Conway Twitty and Loretta Lynn singles chronology
| "Lead Me On" (1971) | "Louisiana Woman, Mississippi Man" (1973) | "As Soon as I Hang Up the Phone" (1973) |

= Louisiana Woman, Mississippi Man (song) =

"Louisiana Woman, Mississippi Man" is a song written by Becki Bluefield and Jim Owen, and recorded as a duet by American country music artists Conway Twitty and Loretta Lynn. It was released in May 1973 as the first single and title track from the album of the same name. The song was their third number one on the country chart as a duo. The single would stay at number one for one week and spend a total of 13 weeks on the country chart.

==Critical reception==
Billboard magazine reviewed the song favorably, saying that the song has an "up-tempo Cajun sound" and that the pair "comes off beautifully." It goes on to say that the song is a "change of pace and, naturally, well produced."

==Content==
The song details the travails of a couple geographically separated by the Mississippi River. They emphatically pledge that their love is too great to let the wide distance of the river keep them separated. The man pledges to somehow cross the river while the woman claims she will go so far as to swim the distance (one mile, the song claims).

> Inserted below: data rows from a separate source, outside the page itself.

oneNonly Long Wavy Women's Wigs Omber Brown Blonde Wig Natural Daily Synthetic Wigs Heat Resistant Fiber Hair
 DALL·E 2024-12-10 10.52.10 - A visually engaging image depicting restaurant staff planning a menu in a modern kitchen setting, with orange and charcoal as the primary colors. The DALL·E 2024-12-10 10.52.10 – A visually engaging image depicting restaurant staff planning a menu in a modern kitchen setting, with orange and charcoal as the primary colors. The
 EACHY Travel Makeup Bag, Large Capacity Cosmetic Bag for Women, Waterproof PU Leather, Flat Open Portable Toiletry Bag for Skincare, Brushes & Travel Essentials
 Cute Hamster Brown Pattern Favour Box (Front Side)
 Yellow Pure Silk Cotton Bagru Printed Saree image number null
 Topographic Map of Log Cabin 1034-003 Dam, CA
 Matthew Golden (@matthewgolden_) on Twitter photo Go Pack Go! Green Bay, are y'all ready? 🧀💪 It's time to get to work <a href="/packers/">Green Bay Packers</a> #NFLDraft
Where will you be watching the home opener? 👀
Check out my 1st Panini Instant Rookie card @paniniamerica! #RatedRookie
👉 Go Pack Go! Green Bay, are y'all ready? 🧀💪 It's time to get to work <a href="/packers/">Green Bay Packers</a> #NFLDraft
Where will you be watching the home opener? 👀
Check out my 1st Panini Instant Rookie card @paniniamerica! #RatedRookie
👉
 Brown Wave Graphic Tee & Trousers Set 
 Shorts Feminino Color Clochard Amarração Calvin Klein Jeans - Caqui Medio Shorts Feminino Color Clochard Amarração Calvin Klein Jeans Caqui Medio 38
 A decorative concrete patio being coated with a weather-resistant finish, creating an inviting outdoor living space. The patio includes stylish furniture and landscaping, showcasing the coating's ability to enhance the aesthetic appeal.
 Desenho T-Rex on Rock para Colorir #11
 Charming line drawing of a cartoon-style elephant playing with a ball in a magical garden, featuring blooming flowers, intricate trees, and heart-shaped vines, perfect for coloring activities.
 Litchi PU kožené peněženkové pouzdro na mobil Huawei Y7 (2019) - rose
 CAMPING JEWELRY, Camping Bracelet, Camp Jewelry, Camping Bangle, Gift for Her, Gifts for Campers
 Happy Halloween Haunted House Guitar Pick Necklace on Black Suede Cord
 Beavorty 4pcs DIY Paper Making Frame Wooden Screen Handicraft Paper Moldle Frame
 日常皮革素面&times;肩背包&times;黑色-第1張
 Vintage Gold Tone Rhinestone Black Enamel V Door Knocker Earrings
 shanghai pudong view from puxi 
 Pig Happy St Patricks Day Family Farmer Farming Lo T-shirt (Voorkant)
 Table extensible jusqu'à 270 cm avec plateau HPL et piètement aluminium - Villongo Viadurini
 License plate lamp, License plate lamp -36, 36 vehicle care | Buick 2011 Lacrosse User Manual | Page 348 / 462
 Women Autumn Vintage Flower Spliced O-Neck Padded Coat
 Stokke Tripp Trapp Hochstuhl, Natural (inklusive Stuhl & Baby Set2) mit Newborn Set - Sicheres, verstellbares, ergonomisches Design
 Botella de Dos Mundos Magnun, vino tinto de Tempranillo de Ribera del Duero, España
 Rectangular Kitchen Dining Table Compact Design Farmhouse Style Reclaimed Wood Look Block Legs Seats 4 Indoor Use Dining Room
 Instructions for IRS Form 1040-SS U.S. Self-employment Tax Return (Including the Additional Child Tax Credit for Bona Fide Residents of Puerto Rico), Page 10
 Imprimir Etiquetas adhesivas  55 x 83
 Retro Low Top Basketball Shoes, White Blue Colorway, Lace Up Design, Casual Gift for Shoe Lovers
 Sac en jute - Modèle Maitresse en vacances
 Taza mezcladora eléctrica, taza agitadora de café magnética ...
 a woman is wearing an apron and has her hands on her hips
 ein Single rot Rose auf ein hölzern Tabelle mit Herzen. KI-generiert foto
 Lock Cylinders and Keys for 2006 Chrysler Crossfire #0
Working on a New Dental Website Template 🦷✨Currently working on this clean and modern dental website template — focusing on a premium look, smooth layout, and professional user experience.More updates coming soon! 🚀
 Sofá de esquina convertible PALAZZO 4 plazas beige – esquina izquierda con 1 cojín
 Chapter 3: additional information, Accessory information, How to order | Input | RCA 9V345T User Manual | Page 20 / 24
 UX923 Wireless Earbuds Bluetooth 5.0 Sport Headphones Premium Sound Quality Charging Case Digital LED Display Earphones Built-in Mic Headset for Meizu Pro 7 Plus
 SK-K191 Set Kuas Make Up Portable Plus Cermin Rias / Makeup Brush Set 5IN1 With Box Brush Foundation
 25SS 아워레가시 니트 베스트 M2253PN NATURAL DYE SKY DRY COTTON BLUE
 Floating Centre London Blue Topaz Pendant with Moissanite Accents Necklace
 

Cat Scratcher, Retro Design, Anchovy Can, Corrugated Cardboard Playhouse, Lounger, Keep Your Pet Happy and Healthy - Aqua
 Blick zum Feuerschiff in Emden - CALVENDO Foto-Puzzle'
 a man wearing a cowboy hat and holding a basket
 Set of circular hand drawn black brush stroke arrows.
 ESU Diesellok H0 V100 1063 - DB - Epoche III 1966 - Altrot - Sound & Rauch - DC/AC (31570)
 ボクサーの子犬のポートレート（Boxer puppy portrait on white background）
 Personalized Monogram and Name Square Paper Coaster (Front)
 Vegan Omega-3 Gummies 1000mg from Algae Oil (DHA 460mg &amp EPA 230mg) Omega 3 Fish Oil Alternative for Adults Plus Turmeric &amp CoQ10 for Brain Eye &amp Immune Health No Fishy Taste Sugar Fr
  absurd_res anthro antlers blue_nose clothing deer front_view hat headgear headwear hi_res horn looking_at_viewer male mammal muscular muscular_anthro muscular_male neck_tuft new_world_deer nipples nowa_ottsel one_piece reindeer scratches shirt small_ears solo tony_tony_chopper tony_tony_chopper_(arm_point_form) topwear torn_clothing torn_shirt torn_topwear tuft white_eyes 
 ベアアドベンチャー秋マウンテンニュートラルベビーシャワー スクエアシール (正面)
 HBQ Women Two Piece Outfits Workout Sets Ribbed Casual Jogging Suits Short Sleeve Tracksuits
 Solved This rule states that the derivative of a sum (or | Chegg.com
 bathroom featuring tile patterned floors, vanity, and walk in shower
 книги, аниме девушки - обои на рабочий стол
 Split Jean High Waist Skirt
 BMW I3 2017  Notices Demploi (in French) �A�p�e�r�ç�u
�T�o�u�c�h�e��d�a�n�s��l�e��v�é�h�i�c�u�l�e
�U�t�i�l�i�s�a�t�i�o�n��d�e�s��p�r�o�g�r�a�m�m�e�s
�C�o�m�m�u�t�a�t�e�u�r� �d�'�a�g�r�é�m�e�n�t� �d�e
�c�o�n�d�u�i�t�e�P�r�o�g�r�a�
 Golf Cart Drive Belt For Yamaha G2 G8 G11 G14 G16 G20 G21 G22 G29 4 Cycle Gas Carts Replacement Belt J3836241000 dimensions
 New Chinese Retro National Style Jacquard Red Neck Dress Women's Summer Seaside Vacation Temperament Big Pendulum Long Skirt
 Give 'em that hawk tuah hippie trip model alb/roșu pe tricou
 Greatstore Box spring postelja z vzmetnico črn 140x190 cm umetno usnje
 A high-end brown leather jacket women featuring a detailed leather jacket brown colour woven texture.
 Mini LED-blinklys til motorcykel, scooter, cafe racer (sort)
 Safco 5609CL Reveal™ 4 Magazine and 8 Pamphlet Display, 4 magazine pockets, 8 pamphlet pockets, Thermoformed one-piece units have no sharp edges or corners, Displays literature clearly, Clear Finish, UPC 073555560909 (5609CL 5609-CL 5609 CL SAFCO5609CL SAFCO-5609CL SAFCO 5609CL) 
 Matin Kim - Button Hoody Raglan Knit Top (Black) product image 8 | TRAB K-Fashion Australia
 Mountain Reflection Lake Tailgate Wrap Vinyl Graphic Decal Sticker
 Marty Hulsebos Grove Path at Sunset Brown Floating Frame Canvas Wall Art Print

==Appearances in other media==
The song appears in the Grand Theft Auto: San Andreas video game soundtrack, on the fictitious radio station K-Rose.

==Chart performance==

| Chart (1973) | Peak position |
|---|---|
| Canadian RPM Country Tracks | 1 |
| US Billboard Country Songs | 1 |

==Certifications==

| Region | Certification | Certified units/sales |
| United States (RIAA) | Gold | 500,000^{‡} |
^{‡} Sales+streaming figures based on certification alone.